MHADA lottery results fail online
The Maharashtra Housing and Area Development Authority (MHADA) had promised that this year, the 3.17 lakh applicants for their 3,449-odd low-cost flats would know whether they have been allotted a house or not within 15 minutes of Tuesday’s lottery.mumbai Updated: May 19, 2010 01:12 IST
The Maharashtra Housing and Area Development Authority (MHADA) had promised that this year, the 3.17 lakh applicants for their 3,449-odd low-cost flats would know whether they have been allotted a house or not within 15 minutes of Tuesday’s lottery.
However, several aspirants spent hours trying to log on to the websites MHADA had listed, but failed because there were technical glitches.
MHADA had said it would upload the results on three government websites and on websites of private television channels. Many applicants did not visit Rangsharda at Bandra where the lottery was held thinking they would be able to access the results online.
Pallavi G, a media professional who had applied in five categories, said she spent at least five hours trying to find out whether she had managed to get at least one house.
“Does MHADA want all three lakh applicants to crowd the lottery venue to know their fate,” said Pallavi. “This is not the way such a premier housing body should function,” she added.
MHADA had said it had acquired additional bandwidth to ensure that the websites do not crash due to high traffic. Satish Bhide, chief officer, MHADA (Mumbai board), said there was some problem initially in one website but the remaining websites were functioning normally.
“Our website is designed to deal with thousands of people logging in to the site at the same time,” Bhide told Hindustan Times. “My officers have said that everything is okay but I will check.”
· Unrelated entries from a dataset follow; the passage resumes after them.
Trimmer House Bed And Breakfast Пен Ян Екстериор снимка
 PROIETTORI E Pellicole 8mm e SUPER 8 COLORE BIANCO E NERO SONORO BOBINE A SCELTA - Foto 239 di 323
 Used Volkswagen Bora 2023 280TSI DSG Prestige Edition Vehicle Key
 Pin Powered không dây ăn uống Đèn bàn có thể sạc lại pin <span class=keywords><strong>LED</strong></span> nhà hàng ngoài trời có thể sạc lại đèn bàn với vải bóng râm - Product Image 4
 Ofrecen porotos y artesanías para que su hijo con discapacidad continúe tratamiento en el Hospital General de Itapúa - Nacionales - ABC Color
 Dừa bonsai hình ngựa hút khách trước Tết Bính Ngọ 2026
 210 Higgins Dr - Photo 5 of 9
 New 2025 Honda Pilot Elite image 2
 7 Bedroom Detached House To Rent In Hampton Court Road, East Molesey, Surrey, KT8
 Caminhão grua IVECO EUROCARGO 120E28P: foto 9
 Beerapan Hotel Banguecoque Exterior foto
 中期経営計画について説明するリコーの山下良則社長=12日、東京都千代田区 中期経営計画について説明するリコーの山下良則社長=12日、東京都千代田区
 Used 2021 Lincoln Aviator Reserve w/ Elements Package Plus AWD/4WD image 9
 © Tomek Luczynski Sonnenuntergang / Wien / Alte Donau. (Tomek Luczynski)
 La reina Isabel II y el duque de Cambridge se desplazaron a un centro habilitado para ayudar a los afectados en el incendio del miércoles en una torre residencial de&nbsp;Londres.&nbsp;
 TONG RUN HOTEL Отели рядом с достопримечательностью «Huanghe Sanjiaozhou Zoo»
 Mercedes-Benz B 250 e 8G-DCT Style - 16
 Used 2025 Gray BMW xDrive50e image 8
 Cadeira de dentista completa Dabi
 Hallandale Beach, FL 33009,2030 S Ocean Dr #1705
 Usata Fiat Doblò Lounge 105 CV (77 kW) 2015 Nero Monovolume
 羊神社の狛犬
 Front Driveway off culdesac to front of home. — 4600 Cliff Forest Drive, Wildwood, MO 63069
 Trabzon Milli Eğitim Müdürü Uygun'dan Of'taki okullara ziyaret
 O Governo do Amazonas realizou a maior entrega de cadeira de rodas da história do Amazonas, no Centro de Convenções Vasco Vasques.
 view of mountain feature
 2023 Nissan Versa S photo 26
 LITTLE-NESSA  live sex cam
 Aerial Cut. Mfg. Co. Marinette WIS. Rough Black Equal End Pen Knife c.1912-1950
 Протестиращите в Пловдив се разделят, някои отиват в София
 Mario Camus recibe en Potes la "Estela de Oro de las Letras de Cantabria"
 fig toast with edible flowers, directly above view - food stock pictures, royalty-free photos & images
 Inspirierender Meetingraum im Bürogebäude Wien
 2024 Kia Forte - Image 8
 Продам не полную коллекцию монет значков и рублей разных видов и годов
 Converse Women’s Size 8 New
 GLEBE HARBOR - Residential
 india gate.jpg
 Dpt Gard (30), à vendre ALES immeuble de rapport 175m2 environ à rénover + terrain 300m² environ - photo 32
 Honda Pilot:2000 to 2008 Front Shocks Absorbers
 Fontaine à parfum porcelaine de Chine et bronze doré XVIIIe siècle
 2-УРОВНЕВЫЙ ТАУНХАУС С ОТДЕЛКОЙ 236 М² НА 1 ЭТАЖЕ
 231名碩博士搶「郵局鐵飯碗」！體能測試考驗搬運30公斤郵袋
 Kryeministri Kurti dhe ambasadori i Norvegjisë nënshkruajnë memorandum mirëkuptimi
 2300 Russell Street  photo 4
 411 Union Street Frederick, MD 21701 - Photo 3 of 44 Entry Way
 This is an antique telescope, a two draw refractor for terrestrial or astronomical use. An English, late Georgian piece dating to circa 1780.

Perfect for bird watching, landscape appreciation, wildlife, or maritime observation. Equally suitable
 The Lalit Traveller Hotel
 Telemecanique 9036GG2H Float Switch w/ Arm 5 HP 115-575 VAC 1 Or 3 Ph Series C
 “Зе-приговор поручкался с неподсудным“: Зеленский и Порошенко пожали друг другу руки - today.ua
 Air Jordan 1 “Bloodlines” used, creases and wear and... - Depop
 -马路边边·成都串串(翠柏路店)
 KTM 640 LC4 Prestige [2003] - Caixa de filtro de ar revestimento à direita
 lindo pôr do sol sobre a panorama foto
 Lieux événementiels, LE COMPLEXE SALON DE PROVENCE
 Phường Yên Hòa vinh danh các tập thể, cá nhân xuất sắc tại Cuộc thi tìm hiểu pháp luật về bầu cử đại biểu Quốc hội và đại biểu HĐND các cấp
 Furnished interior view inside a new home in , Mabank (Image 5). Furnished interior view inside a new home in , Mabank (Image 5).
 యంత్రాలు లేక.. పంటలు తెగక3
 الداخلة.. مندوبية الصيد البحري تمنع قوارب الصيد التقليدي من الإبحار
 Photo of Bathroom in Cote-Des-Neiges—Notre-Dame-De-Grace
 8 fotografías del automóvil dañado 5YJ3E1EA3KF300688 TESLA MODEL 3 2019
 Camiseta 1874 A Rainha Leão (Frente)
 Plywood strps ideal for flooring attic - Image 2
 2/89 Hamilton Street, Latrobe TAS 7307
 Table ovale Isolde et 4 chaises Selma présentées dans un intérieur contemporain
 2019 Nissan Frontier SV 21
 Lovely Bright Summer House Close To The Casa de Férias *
An anxious Vidyadhar Misal, who is holidaying at his native place at Kolhapur, was hoping to check the results online. “Such delays only cause problems,” said Misal.
The websites were finally accessible after 9.45 pm.
The air at Rangsharda, meanwhile, was thick with the summer heat and expectation as many applicants who did not have access to the Internet turned up to find out whether their names were on the list.
Aspirants crowded under the specially created tent, all ears as the winners were being picked by a computerised lottery system.
The day saw all kinds of people. There were some who lived in rented flats and desperately needed a home they could call their own.
Some others had been living like sardines in a tin with 10 other people sharing a single flat, and were tired of the space crunch. A handful had been living on the footpath.
The proceedings went off smoothly unlike last year, when a woman had attempted suicide after failing to secure a flat.